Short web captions
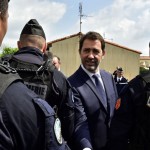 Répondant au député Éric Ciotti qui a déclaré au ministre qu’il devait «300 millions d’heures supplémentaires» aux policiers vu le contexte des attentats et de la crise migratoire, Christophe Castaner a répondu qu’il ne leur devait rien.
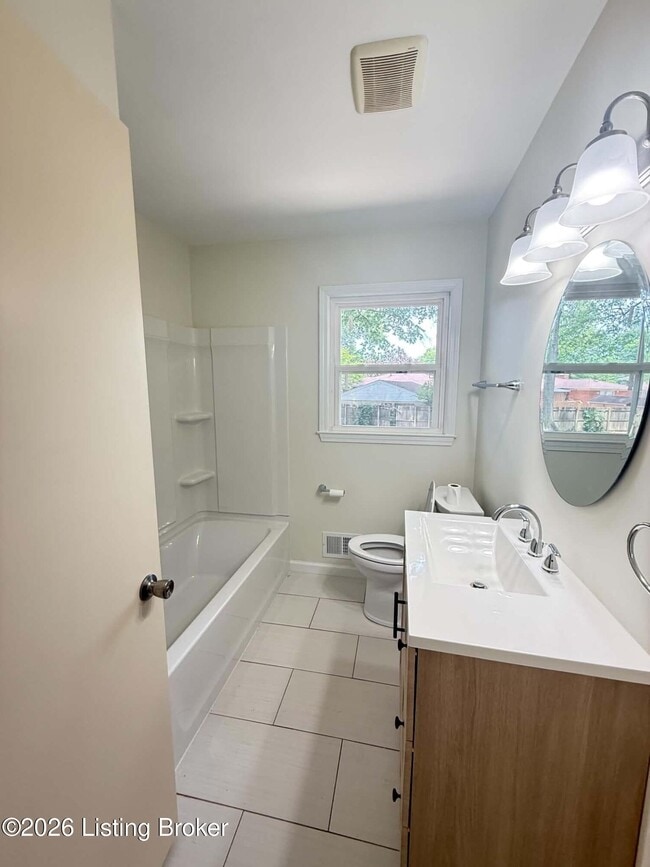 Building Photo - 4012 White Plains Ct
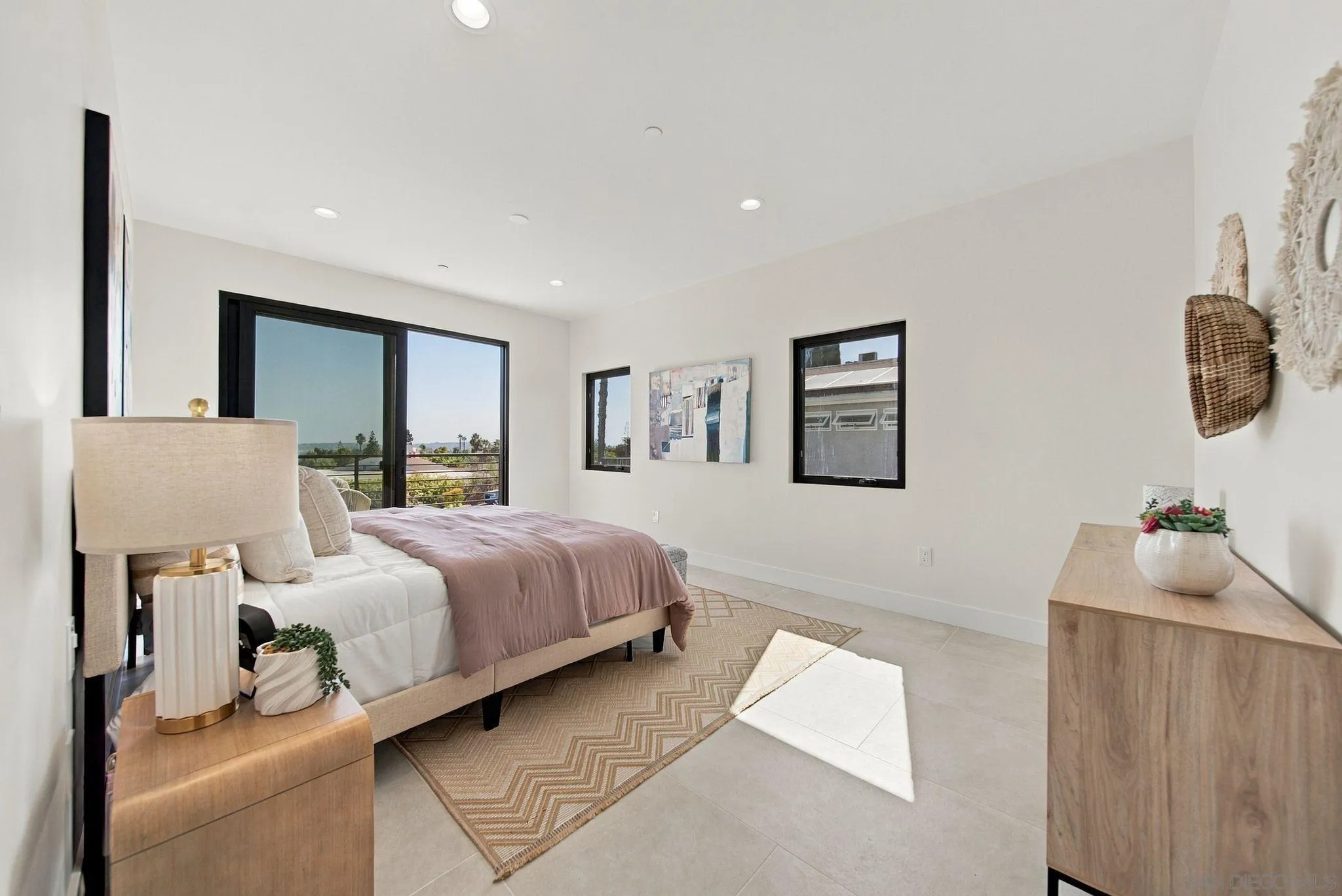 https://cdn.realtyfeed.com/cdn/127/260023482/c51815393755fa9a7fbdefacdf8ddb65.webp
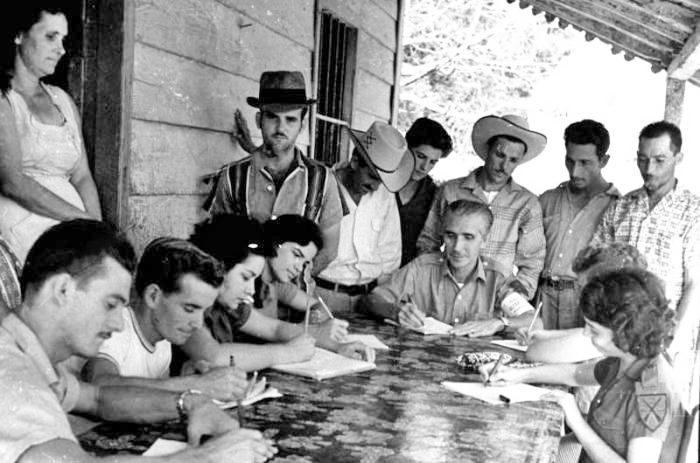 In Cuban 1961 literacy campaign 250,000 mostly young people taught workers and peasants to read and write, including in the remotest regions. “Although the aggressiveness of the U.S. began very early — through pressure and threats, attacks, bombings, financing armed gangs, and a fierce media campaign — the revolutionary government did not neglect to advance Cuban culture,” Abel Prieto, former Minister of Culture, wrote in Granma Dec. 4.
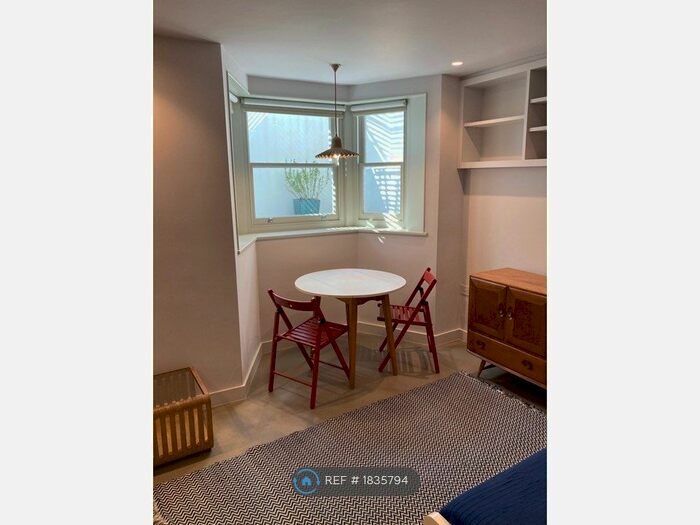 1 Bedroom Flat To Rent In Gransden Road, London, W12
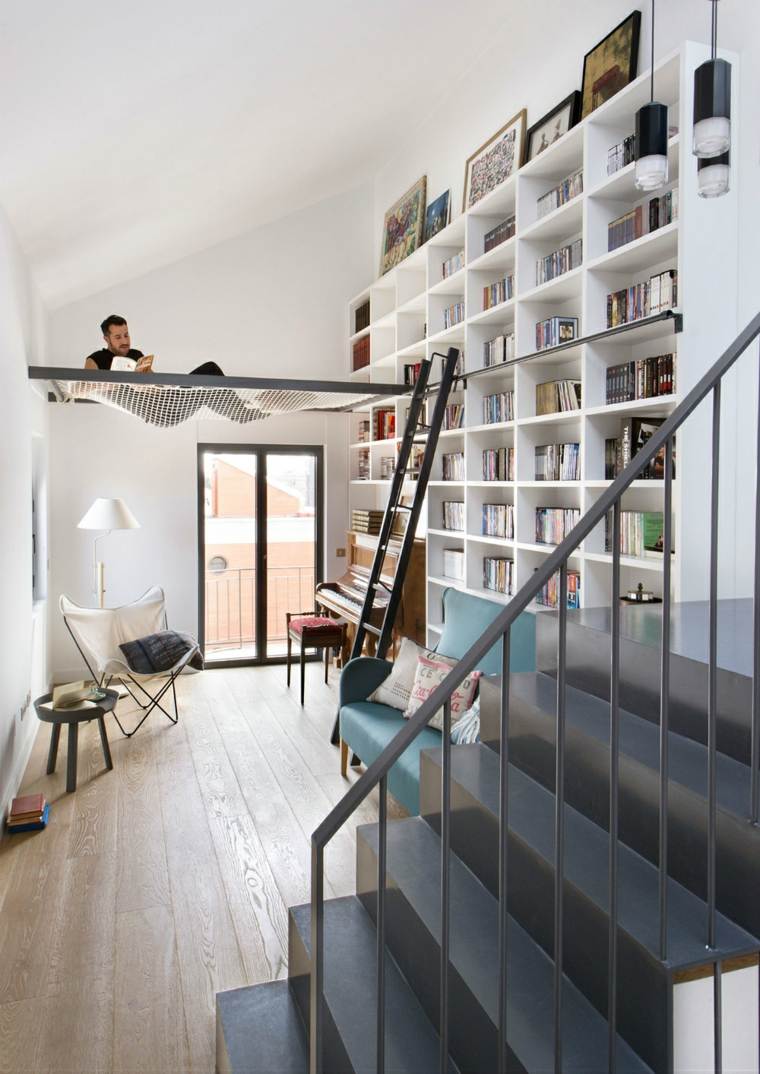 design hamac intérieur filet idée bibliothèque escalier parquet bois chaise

WHAT IS NEEDED. Leave out the images and copy every record above exactly.

RESPONSE TO THE TASK.
 Répondant au député Éric Ciotti qui a déclaré au ministre qu’il devait «300 millions d’heures supplémentaires» aux policiers vu le contexte des attentats et de la crise migratoire, Christophe Castaner a répondu qu’il ne leur devait rien.
 Building Photo - 4012 White Plains Ct
 https://cdn.realtyfeed.com/cdn/127/260023482/c51815393755fa9a7fbdefacdf8ddb65.webp
 In Cuban 1961 literacy campaign 250,000 mostly young people taught workers and peasants to read and write, including in the remotest regions. “Although the aggressiveness of the U.S. began very early — through pressure and threats, attacks, bombings, financing armed gangs, and a fierce media campaign — the revolutionary government did not neglect to advance Cuban culture,” Abel Prieto, former Minister of Culture, wrote in Granma Dec. 4.
 1 Bedroom Flat To Rent In Gransden Road, London, W12
 design hamac intérieur filet idée bibliothèque escalier parquet bois chaise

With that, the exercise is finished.